Restrictions on Chinese enterprises by the U.K. and U.S. have not made a lasting impression on the Chinese market; the potential negative impact on Lenovo is not excessive. Lenovo has already become the largest PC manufacturer in the world and is working to expand more overseas. Lenovo’s lack of product specialization, spread of bad publicity and resulting discussions about it, as well as foreign restrictions on Lenovo products, are obstacles that cannot be taken lightly. Furthermore, China faces obstacles in more than just the PC industry. In 2012, the U.S., for no reason, announced that products made by Huawei and Zhongxing were threats to U.S. security. The announcement was made at the Los Alamos National Laboratory, where soon after they destroyed equipment made by these manufacturers.

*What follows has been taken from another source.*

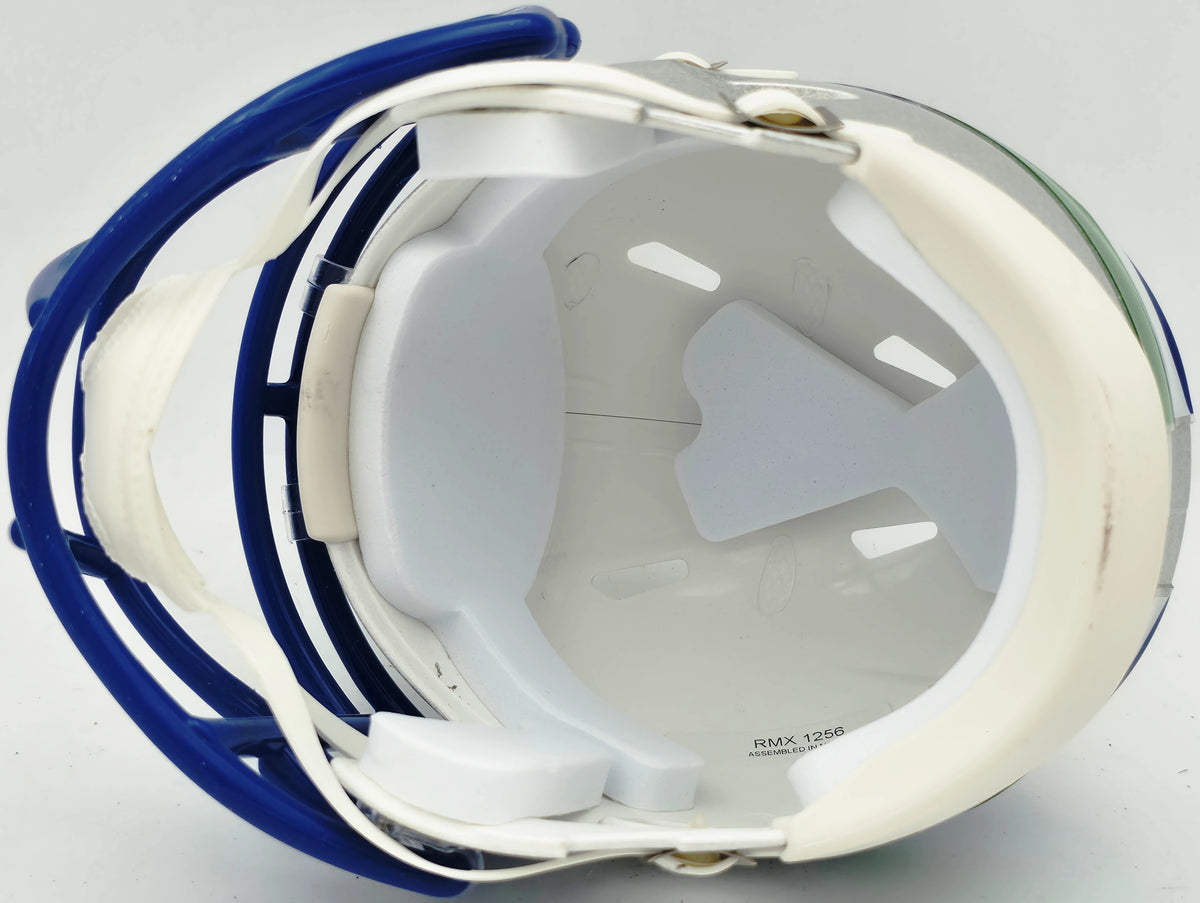Brian Bosworth Autographed Seahawks Silver 1983-2001 Throwback Mini Helmet | BAS Witness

Not to mention, in recent years the unfair treatment of Chinese companies by the U.S. and other countries has become more obvious. On one hand they defend free trade principles, while on the other they keep formulating regulations to prohibit the use of Chinese products. At the beginning of this year the U.S. Congress passed the “Consolidated and Further Continuing Appropriations Act of 2013,” which included limits on various U.S. government departments’ purchase of information technology systems made by Chinese companies, so as to prevent the U.S. from issuing export permits of commercial satellites to China. This causes many obstacles for Huawei, Zhongxing and other Chinese companies and violates the WTO’s “Government’s Purchase Contract.” Although this contract allows its members to protect local companies by issuing restrictions on foreign competitors, it can only be issued at the instance of a definite threat to the security of those local companies. However, the U.S. has invoked this law to restrict all Chinese companies, an obvious violation of WTO discrimination and fairness principles.

Ever since the financial crisis, the U.S. has often used “national security” as an excuse to set restrictions on Chinese technology companies, inhibiting U.S.-China trade relations and creating a bad example for other industries and countries. American technological superiority is obvious, but Chinese tech products are now being made in facilities where work conditions are regulated. However, the core of technology standards are set by the U.S. and other developed countries. The United States’ accusation that China is threatening U.S. information security is obviously not in the public’s best interest. Only Americans use scandals and gossip as sufficient evidence to prove threats to national security. Other countries will sooner or later have equal production capabilities as the U.S. At present, its own domestic communications products, systems and services could be a threat to its own national security.

Economics can be used to establish new relations between countries. Working together is the basis for a profitable relationship, whereas falling into a trade wars can create possible inestimable losses for both countries. These last few years the U.S. has surpassed China in electronics manufacturing, communications, photovoltaic cell production and other areas — but the competitiveness of Chinese companies is by no means declining, while the U.S. has made no major leap forward in these areas. In the international technology market, the division of labor between the U.S. and China should be complementary and work reasonably together, so as to benefit both countries.